Enthrone Darkness Triumphant period 
After Stormblåst, keyboardist Stian Aarstad left the band due to his obligation to serve in the Norwegian army, thus being unable to participate in the 1996 recording of Devil's Path. That period was also marked by the departure of bassist Brynjard Tristan and the arrival of Nagash. Stian Aarstad returned for the recording of 1997's Enthrone Darkness Triumphant. He had trouble attending rehearsals and was unable to tour. He was then subsequently dismissed and replaced by Kimberly Goss for their 1997/1998 world tour. Enthrone Darkness Triumphant was a huge success for the band, and was their first release signed to Nuclear Blast, a German record label. The album was recorded in the Abyss Studios, owned by Hypocrisy's frontman Peter Tägtgren. After the release of Enthrone Darkness Triumphant, the band went on tour with In Flames, Dissection and other bands who were prominent in the scene at the time.

Spiritual Black Dimensions and Puritanical Euphoric Misanthropia period 
After the tour for Enthrone Darkness Triumphant, the band recruited new members Mustis on keyboards and Astennu on lead guitar. Dimmu Borgir's following full-length albums Spiritual Black Dimensions in 1999 and 2001's Puritanical Euphoric Misanthropia, both met critical acclaim. However, another line-up change occurred between the two albums; Nagash quit and was replaced by new bassist/singer ICS Vortex, and Tjodalv left due to his family commitments, and to form the subsequent band Susperia, only to be replaced with Nicholas Barker of Cradle of Filth. Astennu was fired from his guitar duties as well due to creative differences, and was replaced by Galder.

Death Cult Armageddon and Stormblåst MMV period 
Despite the regular video play on MTV2 and Fuse that their follow-up album would receive, the band stated that they were not "commercially-oriented", and instead, they "simply wished to spread their message to more people". In 2003, Dimmu Borgir recorded Death Cult Armageddon. Death Cult Armageddon was recorded with the Prague Philharmonic Orchestra, conducted by Adam Klemens. All orchestrations were arranged by Gaute Storaas (who had previously worked with Dimmu Borgir on the album Puritanical Euphoric Misanthropia). In 2004, Dimmu Borgir performed on the mainstage at Ozzfest.

In 2005, the band did a complete re-recording of the Stormblåst album, featuring Hellhammer of Mayhem fame as the session drummer. The album also featured a DVD with a live performance from the 2004 Ozzfest tour.

In Sorte Diaboli period
Dimmu Borgir's eighth studio album, In Sorte Diaboli, was released on 24 April 2007. A special edition version was released in a boxed case with a DVD, backward-printed lyrics, and a mirror. The album artwork was released on 14 February 2007 on a promotional webpage for the album. This album features once more the drumming of Hellhammer of Mayhem. Blomberg left the band in mid-tour in 2007 because of a neck injury that resulted in limited movement of his right arm. With the release of this album, Dimmu Borgir became the first black metal band with a number one album on the charts in their native country. In October 2008, they released their second live DVD set titled The Invaluable Darkness, which was based on several shows during the world tour supporting "In Sorte Diaboli".

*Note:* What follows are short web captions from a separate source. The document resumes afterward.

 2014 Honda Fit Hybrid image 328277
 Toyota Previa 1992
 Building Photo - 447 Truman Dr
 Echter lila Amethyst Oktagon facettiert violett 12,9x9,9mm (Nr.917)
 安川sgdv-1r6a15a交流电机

In 2009, members ICS Vortex and Mustis independently announced their departure from Dimmu Borgir. Mustis released a statement claiming his disfavor with the band, stating that he was not properly credited for his writing contributions to the band's music, mentioning possibly taking legal action.

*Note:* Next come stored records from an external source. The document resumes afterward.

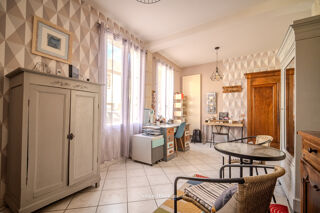 Vente Maison Maison de ville de caractère à vendre 5 pièces SAUMUR (49) - Pierre de tuffeaux- 160m²- 3 chambres - Centre ville au calme Saumur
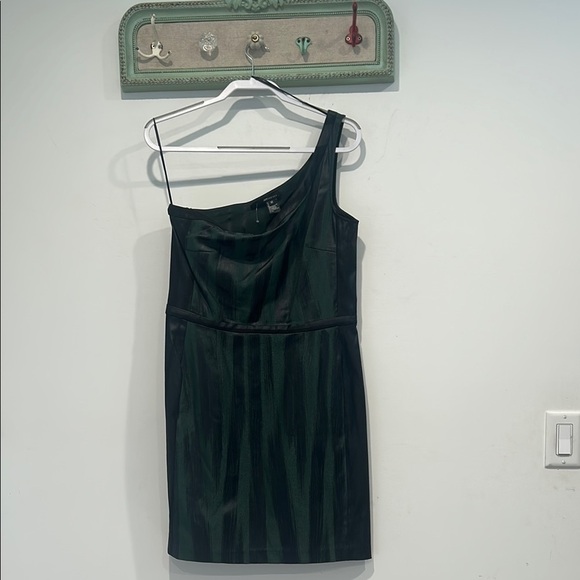 JAYGODFREY Dresses & Skirts - JAYGODFREY Black green dark One-Shoulder Sheath Mini Dress size 10 women’s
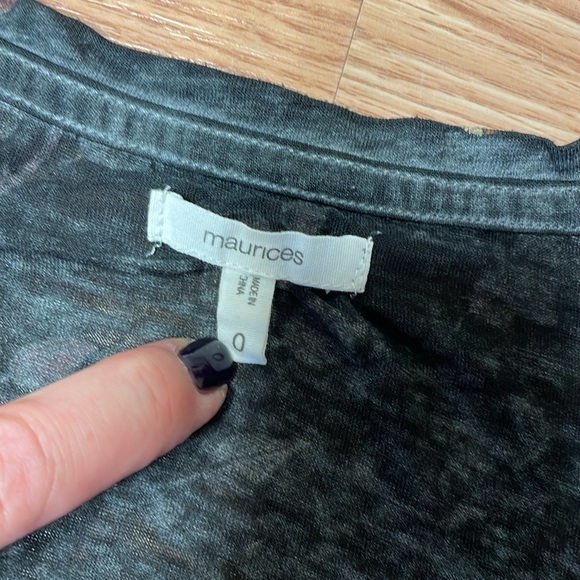 Maurice’s Autumn t-shirt - Picture 3 of 3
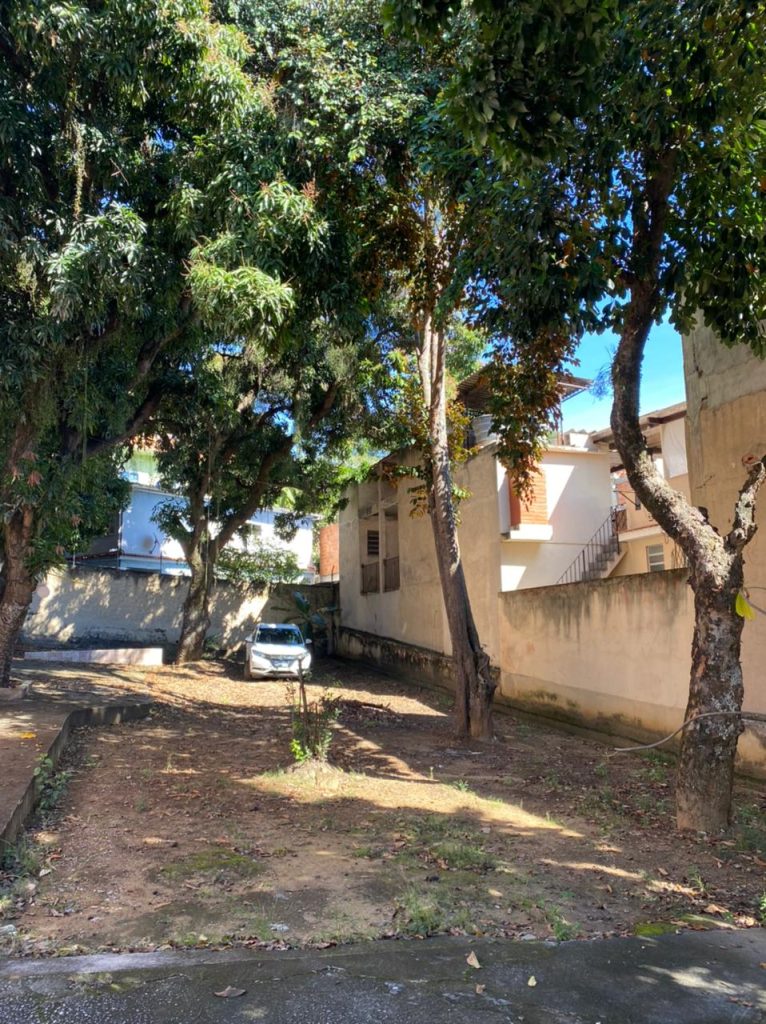 Casa Para Venda Entre Vila Valqeire e Praça Seca Com 5 Quartos em Terreno de 1.452m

Dimmu Borgir soon after confirmed the pair's dismissal from the band, releasing a statement explaining why the two were fired. Shagrath, Silenoz and Galder wrote: "Funny then, how the new album is half-way finished written already by the rest of us without any of these guys' input, still having all those elements we're known for." Many fans were quite disappointed, however, without the composition of Mustis, and soaring signature voice of ICS Vortex.

Abrahadabra period

Dimmu Borgir's ninth studio album, Abrahadabra, was released on 24 September 2010 in Germany, 27 September 2010 for the rest of Europe and 12 October 2010 in North America. Silenoz explained that the growing periods of time between albums was because the band had stopped writing music while touring, which was affecting the quality of the music. He described the new album as having an "eerie and haunting feel to it", adding that the material is "epic", "primal", atmospheric and ambient. A promotional image released with the statement showed Shagrath returning to the keyboards. The album features an ensemble orchestra, the Kringkastingsorkestret (the Norwegian Broadcasting Orchestra), as well as the Schola Cantorum choir, totaling more than 100 musicians and singers.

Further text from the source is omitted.